There has been a little bit of a lack of, the European Union has been a weak entity. They have to act unanimously, and it's been difficult for them to act unanimously. Right now there are billions of dollars of ill-gotten money and many of the families of the regime living in Europe and enjoying their resources without pressure. That has also kind of weakened the whole effort. I think there hasn't been enough effort directed at the criminal nature of many of the actions of the Venezuelan armed forces that are part of this illicit trade in drugs, money laundering, illegal mining, and so on, smuggling, human trafficking.

It has been a lot but a little bit too late. Maybe if the pressure had been put earlier, it might have forced the government to accept electoral results. For example, the international community was extremely important in forcing Maduro to recognize the results of the 2015 legislative elections in which the opposition won a two-thirds majority in the national assembly. But then, Maduro decided to completely ignore the national assembly and rule by decree with no respect to the constitution and the powers of the legislative branch. That was not responded much by the international community until events unfolded last year. So it's a little bit, the problem was allowed to grow for too long. And right now, the actions are strong but the other side has already undone the basis of a free society to the point that the sanctions may not be as effective.

There's one important question that I always get, which is "How come these guys can survive such a recession or all these sanctions and so on?" The answer I typically give is that sanctions, recessions weaken the government.

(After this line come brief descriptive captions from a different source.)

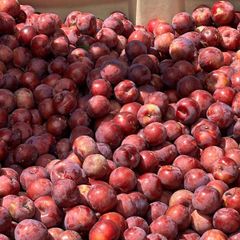 Fresh Stone Fruits, Nectarines, Peaches, Apricots and Plums for Sale!! Class 1 export quality Stones fruits for export – product photo 3, product detail gallery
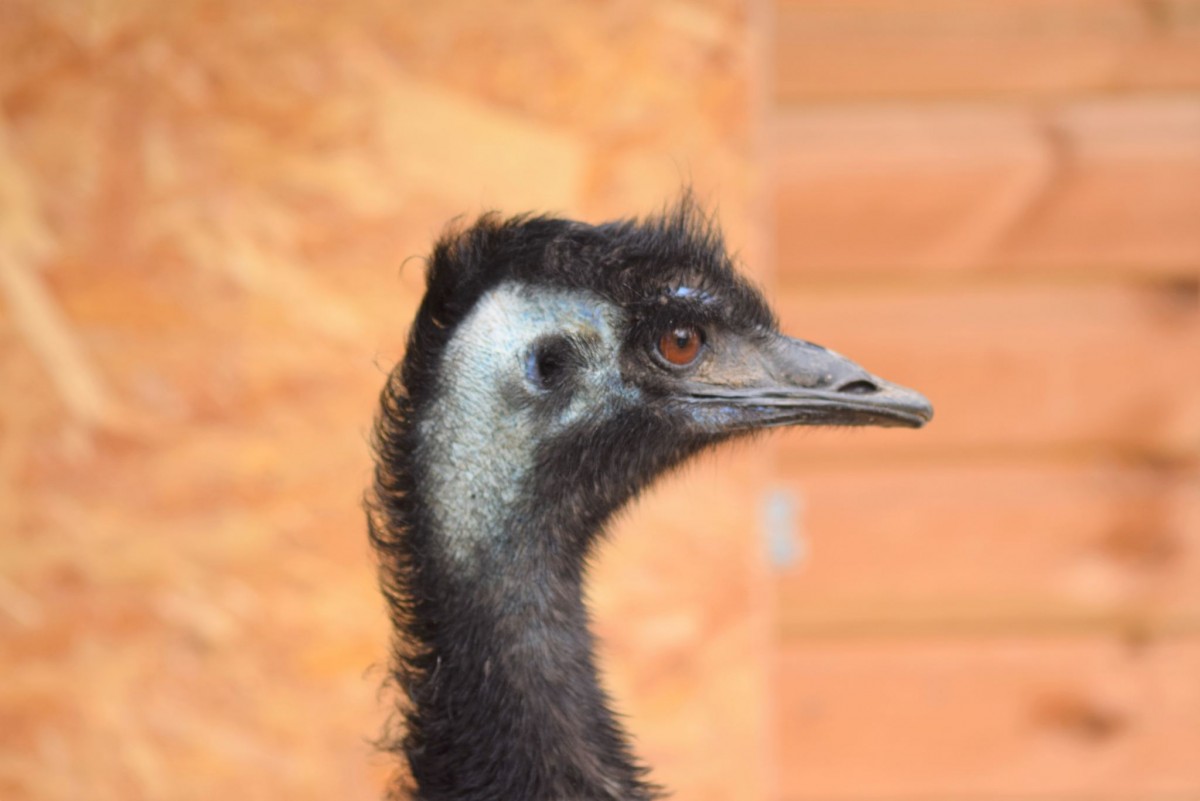 Paradise Wildlife Park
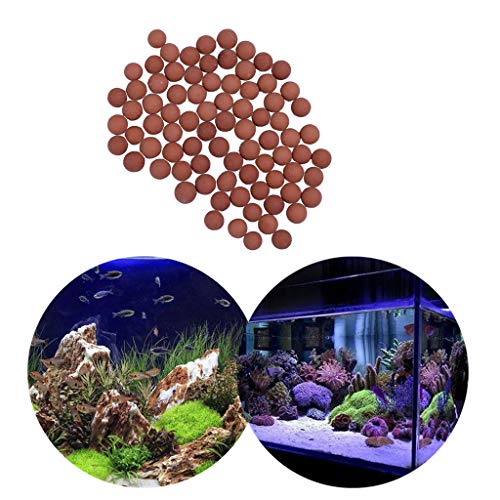 Iwähle Aquarium Aktivkohle Holzkohle 100g, Fish Tank Wasserqualität Filtermedien Reinigen Dekor Zubehör Runder Stein Braun von Iwähle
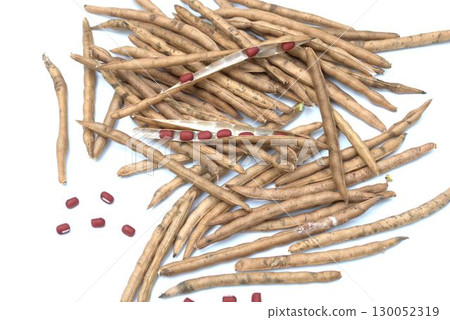 Harvested red adzuki beans 130052319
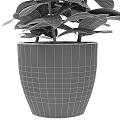 Potted Bonsai Plant with Lush Green Leaves Vibrant Patterns in Black Pot Detailed View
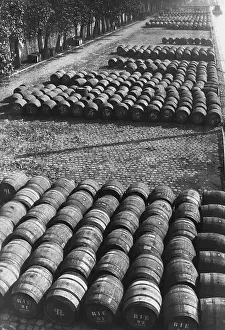 Brewing And Winemaking Prints: Waiting Barrels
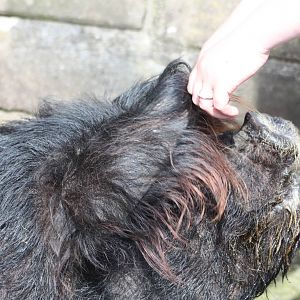 KeeperKatie plays peek-a-boo with Blackie, 25th May 2014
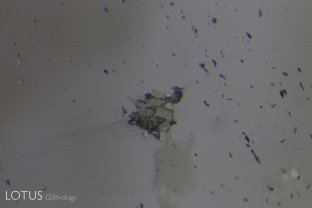 This blocky white crystal was found breaking the surface in a pink sapphire from Madagascar’s Ilakaka region collected at the mines by Lotus Gemology’s Richard Hughes in 2005. Using our micro Raman unit to analyze it, we were pleasantly surprised to discover that it was andalusite. To the best of our knowledge, this is the first time andalusite has been discovered as an inclusion in corundum. Overhead lighting clearly shows the lower luster of the andalusite compared to the surrounding sapphire. This is because andalusite has an RI of 1.63, while corundum is 1.76.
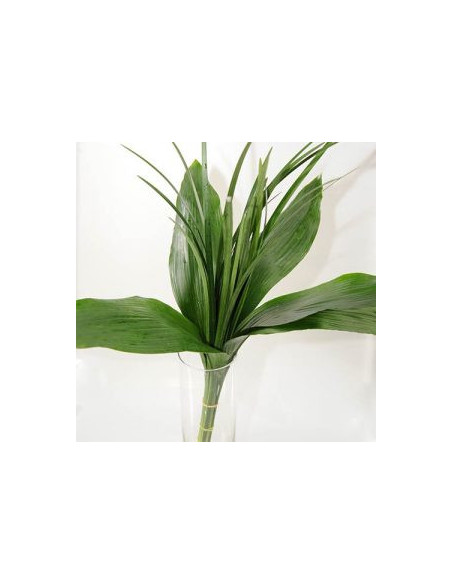 Greenery "drop in" Bouquets MEDIUM 5 / 10 / 15 / 20 bunches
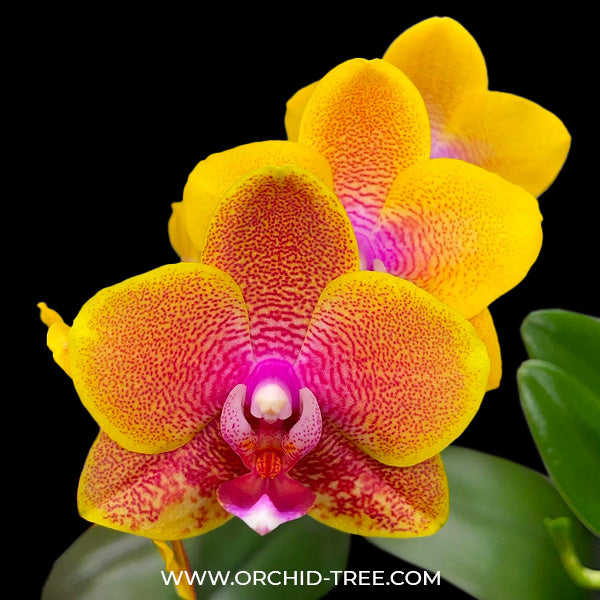 Phalaenopsis Sogo Lawrence - FF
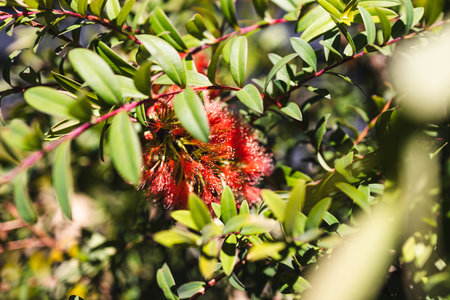 kunzea plant with a vivid red flower, showcasing australian native flora, botanical detail and natural garden or bushland environment.の写真素材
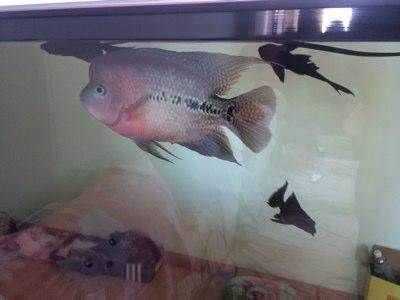 互動觀賞魚排行（地圖魚和地圖魚的區(qū)別） 互動觀賞魚排行（地圖魚和地圖魚的區(qū)別） 赤元素 第3張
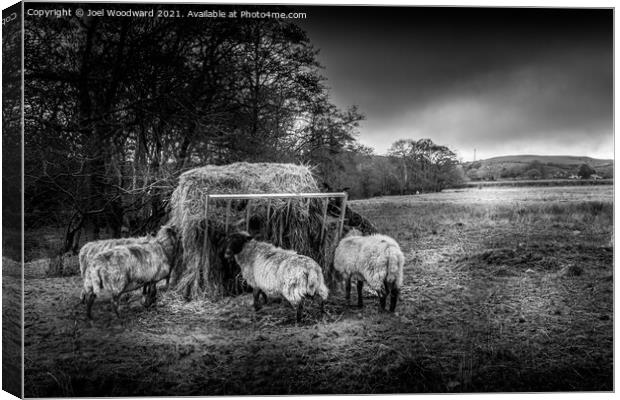 Sheep Black and White Canvas Print by Joel Woodward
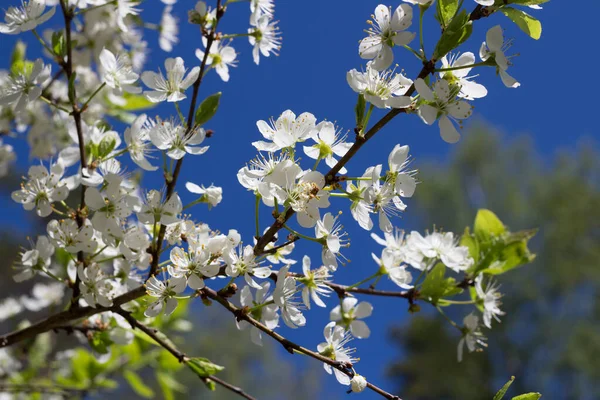 Třešňové Květy Lat Cerasus Modrém Pozadí — Stock fotografie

But the recession also weakens the society. What matters is not the absolute power of the government but the relative power of the government, vis-a-vis society. If society is starving and emigrating and fending for itself, it doesn't necessarily have the capacity to organize itself more effectively, vis-a-vis the government. You don't see a swing in the politics in relative powers are not changed. Absolute powers are collapsing, but relative powers don't necessarily change. That may change. We're still working on it to see how we turn the situation around.

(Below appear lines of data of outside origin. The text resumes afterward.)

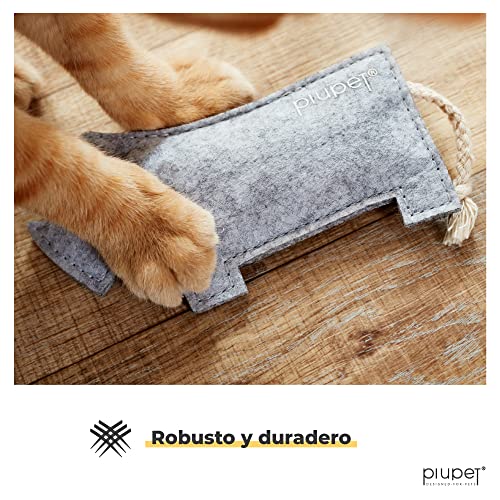 PiuPet® Juguetes para Gatos con Catnip (Juego de 4) - Juguetes Gatos Elegante - Lleno de Hierba gatera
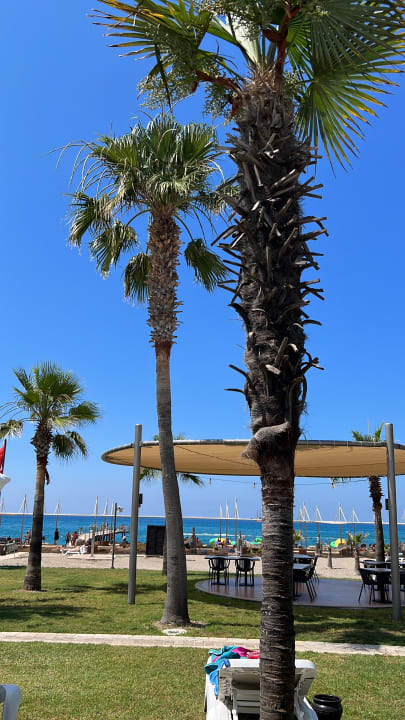 Ausblick TUI BLUE Palm Garden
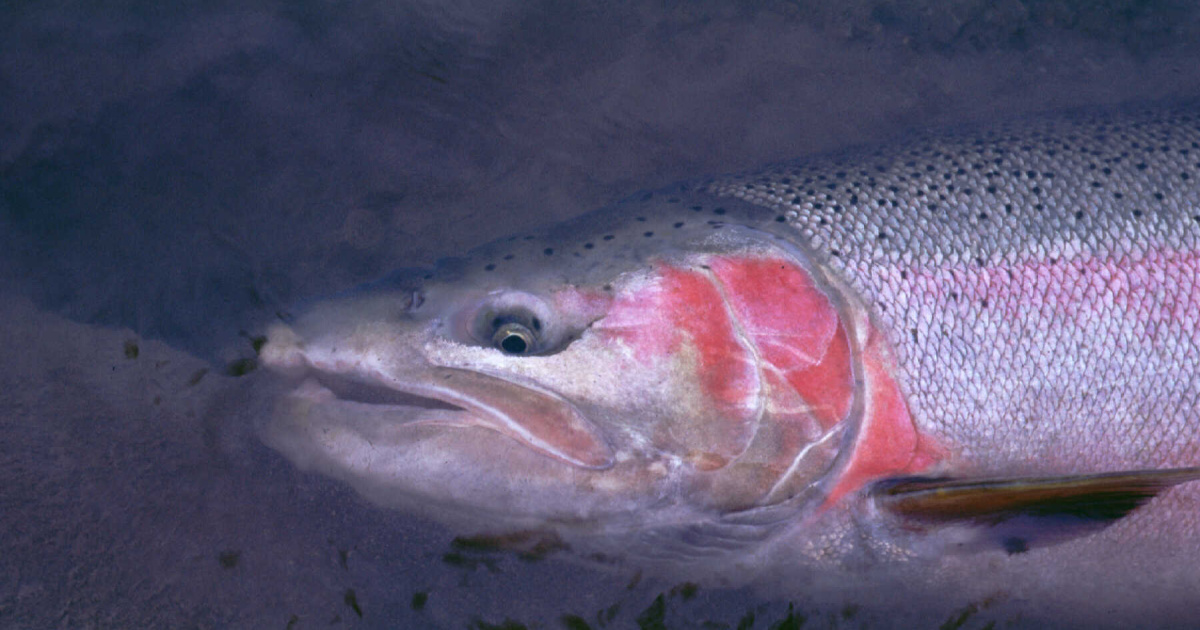 Idaho Fish and Game Idaho Fish and Game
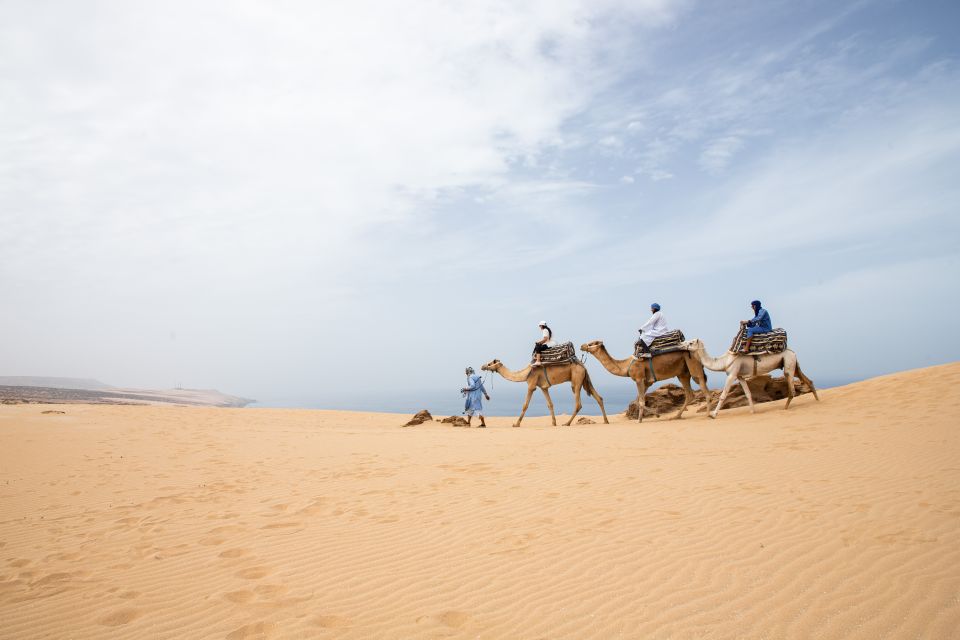 Agadir or Taghazout : Camel Ride in Desert Sand Dunes - Key Points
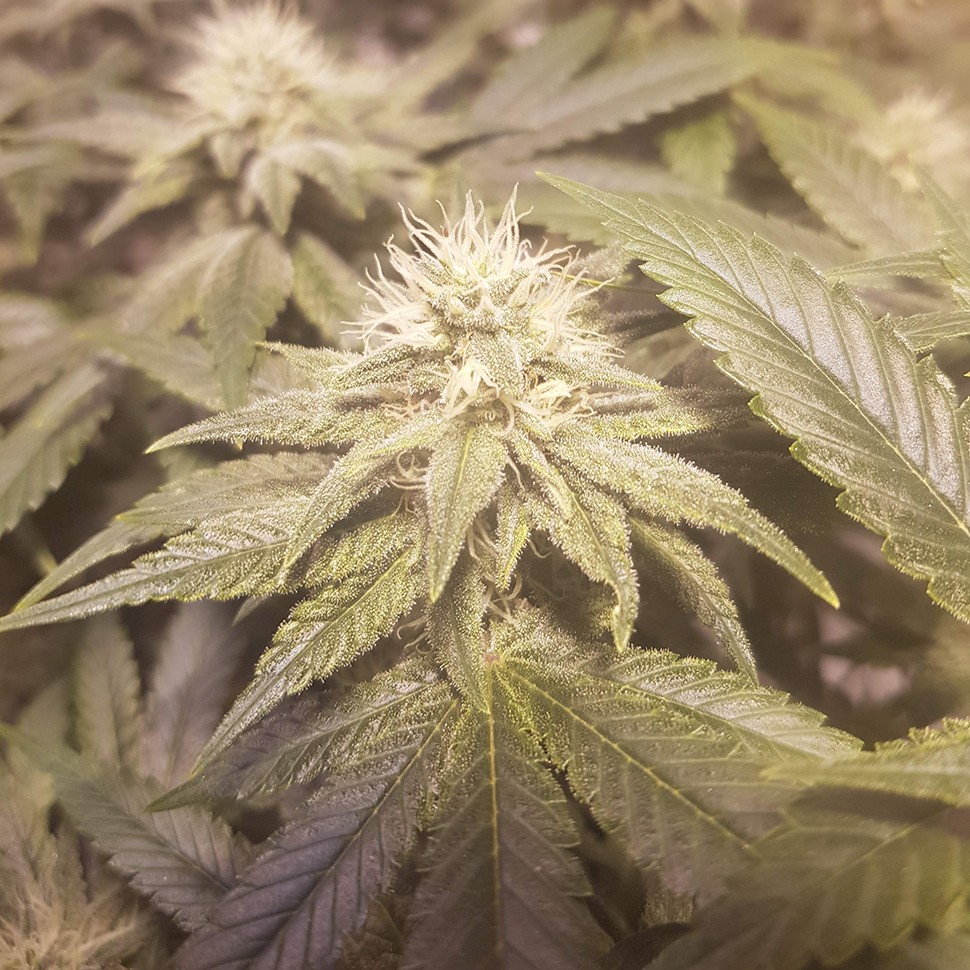 купить семена конопли в украине Auto Lemon feminised купить семена конопли в украине Auto Lemon feminised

Q: I respect and appreciate your insight. But my question/comment to you, sir, is this existential question. As you may know, in DR Congo last year, they had elections, which were profoundly flawed. The individual who won the election was not appointed president due to internal machinations because of power, whatever. My question to you, it's almost as if there's a type of two-tier democracy; that for the West and that for the Africans. This is what I'm suggesting or asking from you and you articulated this extremely ably. Why is it that we who are privileged, I'm a Canadian and America, in terms of the intervention, and you expressed that. Why is it that there is so much what I call lassitude? Because it's the innocents that are suffering profoundly in both Venezuela and Congo. But it's the innocents regardless who are suffering. It's the tragedy that Venezuela, which is so rich in intellectual human resource, blessed with natural resource, in terms of oil, is suffering profound. Why is no one calling what I call the metaphorical epistemic trigger, in terms of recalibration in allowing at least the people to engage in a civil conversation? And I thank you for your insight sir.

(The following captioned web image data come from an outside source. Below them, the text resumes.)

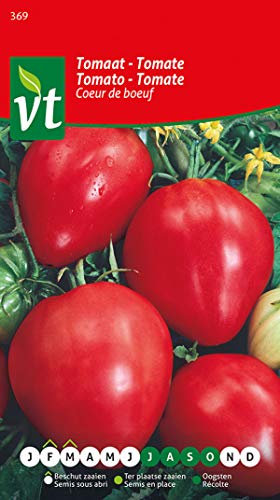 Tomato Coeur de boeuf Seeds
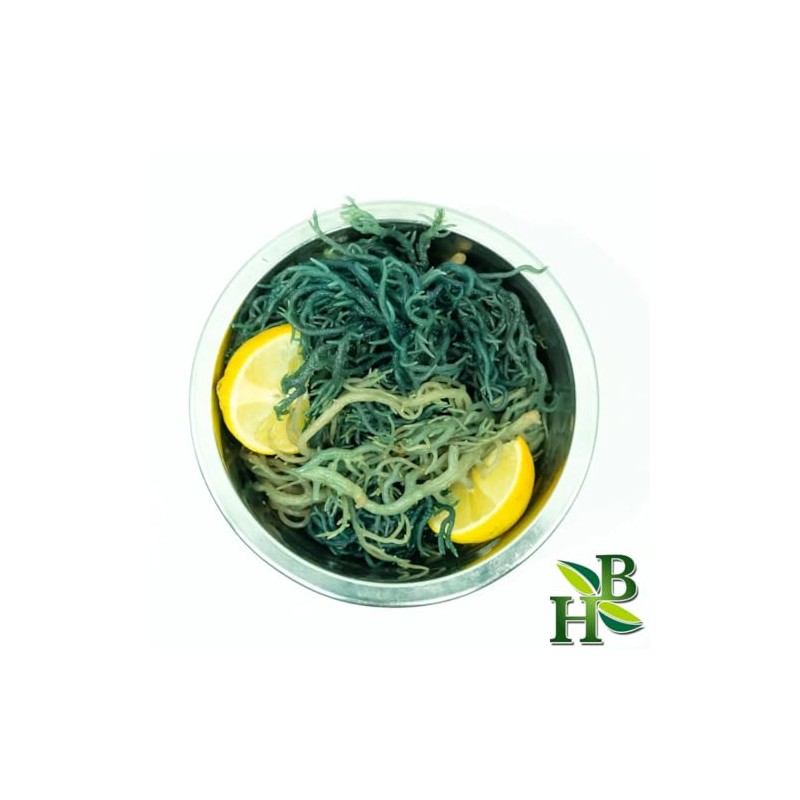 Herb To Body Green Irish Sea Moss | Wildcrafted |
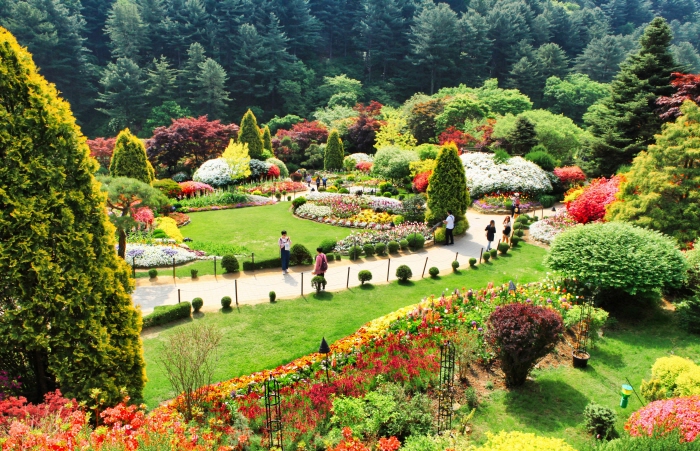 Spring Festival of The Garden of Morning Calm (아침고요수목원 봄나들이 봄꽃축제)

Thank you, thank you for your question. I think that, Venezuela was the longest democracy in Latin America after Uruguay and Colombia until Chávez essentially destroyed it. So Venezuela has a long history of democracy and elections and alternations of power and so on. It's very clear what would have happened had the constitution been respected. There would have been an election, probably before the election, there would have been a primary in the opposition. There probably would have been a decisive government elected from a coalition of the opposition parties. There would have been a process. The national assembly there, they've already approved a plan and so on of what they would want to see done. So there would have been a resolution of the political crisis by going back to the  and allowing them to elect a leadership. And that government would have received a significant international assistance to get the situation in a good place.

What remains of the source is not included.